Often, a Representation is used in conjunction with a restriction that filters based on the metadata of the representation. For example, we might specify that we want to retrieve the image representation of a table. We can do that by using the following query:

DEFINE
revenue AS TABLE.REPRESENTATION WITH RESTRICTION revenue.METADATA['mime.type'] = 'image/png'
SELECT
revenue

Note that in this case, we are not selecting the image of the table itself, but rather the entire representation element from the document, which includes the image data as well as any metadata that was extracted from the image. If we want to select the image data itself, we would use the DATA keyword. For example:

DEFINE
revenue AS TABLE.REPRESENTATION WITH RESTRICTION revenue.METADATA['mime.type'] = 'image/png'
SELECT
revenue.DATA
ATTRIBUTE

The ATTRIBUTE keyword is used to specify that any NiFi Processor that is making use of DQL should consider the returned value to be an attribute of the output FlowFile, rather than writing the value to the content of the FlowFile. This is often useful when multiple values are being returned from a single query and you want to be able to output some results as attributes and others as content. For example, we can use the following query to extract a table from a document, while also extracting the text just to the right of the table as an attribute:

DEFINE
table AS TABLE
description AS TEXT ATTRIBUTE
SELECT table, description
WHERE
description RIGHT OF table
AND
description TOP ALIGNED WITH table

Selection Statement

The Selection Statement, or SELECT statement, is used to specify which elements of the document should be returned by the query. In its simplest form, the syntax for the SELECT statement is as follows:

SELECT <variable>

or

SELECT <variable>, <variable>

We might also select the entire document. For example, we could use the following query to select any document that has a table containing the text "Revenue":

DEFINE
revenue AS table WITH RESTRICTION revenue CONTAINS "Revenue"
SELECT
DOCUMENT
Selecting with .DATA

When a variable is defined as a REPRESENTATION, it is possible to select the data of the representation by using the .DATA keyword. For example, the following query will return the Representation element of any table image in the document:

DEFINE
revenue AS TABLE.REPRESENTATION
SELECT
revenue
WHERE
revenue.METADATA['mime.type'] = 'image/png'

Depending on the use case, this may be desirable. In other cases, it may be more useful to select the data of the representation. That is, the image itself. This can be done by using the .DATA keyword. For example:

DEFINE
revenue AS TABLE.REPRESENTATION
SELECT
revenue.DATA
WHERE
revenue.METADATA['mime.type'] = 'image/png'
Selecting with .IMAGE

Working with images is a common use case for DQL. As such, the language provides a simpler way to select the image representation of an element. When the desired element is an Image or a Table, it can be useful to use .IMAGE when selecting the variable. This will return any Representation of the element that is an image. For example, the following query will return the image representation of any table that is found on the second page of the document:

DEFINE
revenue AS table WITH RESTRICTION revenue ON PAGE 2
SELECT
revenue.IMAGE

In this way, we can avoid the complexity of defining revenue as a TABLE.REPRESENTATION and then selecting revenue.DATA and we also have the ability to further restrict the results based on the entire table element.

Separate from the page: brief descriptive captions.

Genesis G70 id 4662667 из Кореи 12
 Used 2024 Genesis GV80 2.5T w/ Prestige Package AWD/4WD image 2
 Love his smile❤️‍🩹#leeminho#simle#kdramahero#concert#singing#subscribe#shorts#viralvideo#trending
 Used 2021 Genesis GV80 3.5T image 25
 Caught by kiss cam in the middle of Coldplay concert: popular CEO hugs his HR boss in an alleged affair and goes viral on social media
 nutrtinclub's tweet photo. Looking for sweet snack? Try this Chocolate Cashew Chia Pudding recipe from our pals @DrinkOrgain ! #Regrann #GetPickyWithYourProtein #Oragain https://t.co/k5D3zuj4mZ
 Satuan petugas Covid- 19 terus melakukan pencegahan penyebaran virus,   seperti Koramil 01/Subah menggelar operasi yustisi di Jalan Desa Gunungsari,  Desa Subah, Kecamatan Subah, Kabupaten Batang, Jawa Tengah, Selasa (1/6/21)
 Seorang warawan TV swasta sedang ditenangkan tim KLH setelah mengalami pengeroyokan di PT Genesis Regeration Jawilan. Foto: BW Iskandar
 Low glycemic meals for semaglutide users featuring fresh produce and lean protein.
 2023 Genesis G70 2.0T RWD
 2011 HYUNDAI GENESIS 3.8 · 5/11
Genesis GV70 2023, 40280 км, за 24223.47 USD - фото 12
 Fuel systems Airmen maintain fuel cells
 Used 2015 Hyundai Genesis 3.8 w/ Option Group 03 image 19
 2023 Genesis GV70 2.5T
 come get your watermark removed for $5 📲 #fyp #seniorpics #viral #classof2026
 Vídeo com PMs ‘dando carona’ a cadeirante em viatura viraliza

Selecting with Text Transformations

Often times, we want to select specific text from a document, especially for use as an attribute. We might, for example, want to extract the forecast from a document using the following query:

DEFINE
forecast AS TEXT ATTRIBUTE WITH RESTRICTION forecast CONTAINS "Today's Forecast: "
SELECT
forecast

Now, if the document were to contain the text "Today's Forecast: Sunny with a high of 75" we would get the entire text block. However, we might only want the text that comes after "Today's Forecast:". We can do this by using a text transformation. For example:

DEFINE
forecast AS TEXT ATTRIBUTE WITH RESTRICTION forecast CONTAINS "Today's Forecast: "
SELECT
string_replace(forecast, "Today's Forecast: ", "") AS forecast

This query will return the text "Sunny with a high of 75" as the value of the forecast variable. When we need more than a simple string replacement, we can use a regular expression with matching groups. For example, the following query will return the text "Sunny, 75" as the value of the forecast variable:

DEFINE
forecast AS TEXT ATTRIBUTE WITH RESTRICTION forecast CONTAINS "Today's Forecast: "
SELECT
regex_replace(forecast, "Today's Forecast: (.*?) with a high of (75)", "$1, $2") AS forecast

We could also make multiple selections based on the same variable, using an alias for each selection. For example:

DEFINE
forecast AS TEXT ATTRIBUTE WITH RESTRICTION forecast CONTAINS "Today's Forecast: "
SELECT
string_replace(forecast, "Today's Forecast: ", "") AS forecast,
regex_replace(forecast, "Today's Forecast: (.*?) with a high of .*", "$1") AS skyCondition,
regex_replace(forecast, "Today's Forecast: .* with a high of (\\d+)", "$1") AS highTemperature

Where Statement

The WHERE statement is used to filter the results of the query, by comparing the values of the variables that have been defined in the DEFINE statement. Unlike the RESTRICTION clause, the WHERE statement can be used to compare multiple values.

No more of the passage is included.